Je suis né en 1939. Et mes mains, pendant la guerre, ont tremblé de peur et de froid. On n’avait pas suffisamment pour se chauffer. On allait chercher d’ailleurs les boulets de charbon chez les pères de Don Bosco et mes mains ont aidé ma mère à pousser le chariot pour remonter le Thier de Hodimont. A l’école, comme on savait qu’il n’y avait presque pas de chauffage à la maison, les professeurs me mettaient dans le fond de la classe, près du poêle. Parfois, quand j’arrivais à l’école en hiver, il me fallait une demi-heure avant de pouvoir écrire, mes mains étaient réellement paralysées par le froid.

Moi qui ai vécu cette pauvreté, j’ai voulu aider à combattre cette misère que l’on ne désire jamais. Je me suis dit qu’il y avait un travail à faire. On s’est d’abord battus avec des jeunes du quartier pour avoir un terrain pour les enfants, ainsi que des animateurs et des activités.

Et puis, les enfants grandissant, quelques années plus tard, on a cherché à ouvrir une maison de jeunes. Et chaque fois, pour aménager ces lieux, les mains ont été mises à contribution. Je me souviens d’une énorme poutrelle qu’on a dû monter presque à 10 personnes. Toutes ces mains, forcément, étaient liées. Ca les attache à l’idée de solidarité.
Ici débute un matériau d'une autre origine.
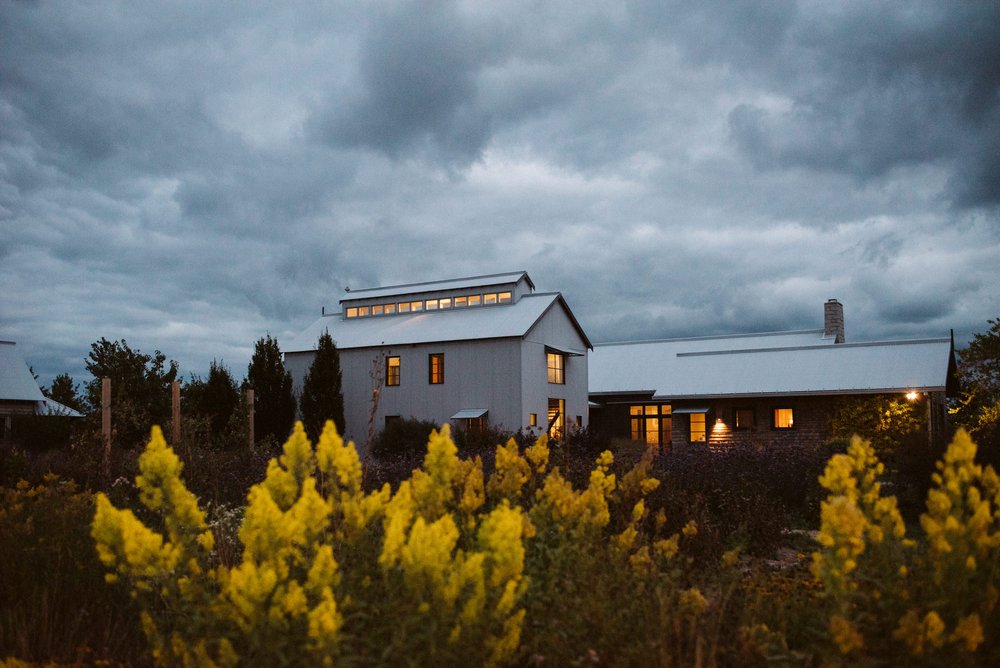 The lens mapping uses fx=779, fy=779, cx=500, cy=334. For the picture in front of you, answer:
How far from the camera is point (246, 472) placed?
12266mm

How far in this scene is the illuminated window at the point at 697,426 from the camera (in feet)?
89.7

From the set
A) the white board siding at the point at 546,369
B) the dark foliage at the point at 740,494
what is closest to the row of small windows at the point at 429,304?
the white board siding at the point at 546,369

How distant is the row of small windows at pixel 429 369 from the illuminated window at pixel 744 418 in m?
10.7

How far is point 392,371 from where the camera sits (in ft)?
98.7

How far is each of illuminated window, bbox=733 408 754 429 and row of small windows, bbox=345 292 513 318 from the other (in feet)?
32.0

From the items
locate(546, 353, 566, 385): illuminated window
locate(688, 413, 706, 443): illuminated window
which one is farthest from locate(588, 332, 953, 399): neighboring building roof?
locate(546, 353, 566, 385): illuminated window

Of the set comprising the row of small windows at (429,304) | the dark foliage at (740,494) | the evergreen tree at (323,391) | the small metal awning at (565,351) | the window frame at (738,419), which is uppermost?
the row of small windows at (429,304)

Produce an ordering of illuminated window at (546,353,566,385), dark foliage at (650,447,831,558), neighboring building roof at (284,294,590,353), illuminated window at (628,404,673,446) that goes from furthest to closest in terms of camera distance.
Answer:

Un moment de ma vie où j’ai eu un grand plaisir de mes mains, c’est quand j’ai appris l’ébénisterie, le modelage sur bois, et ces mains-là devaient toujours se compléter l’une l’autre. C’est une union nécessaire.

Mes mains, je les ai beaucoup utilisées pour conduire. Mon travail me menait dans des coins parfois très retirés où je rencontrais des familles. Donc, ces mains m’ont conduit vers ces rencontres.

Dans la famille, mes mains ont accueillis ma femme et mes enfants, elles ont pu leur donner un peu de tendresse.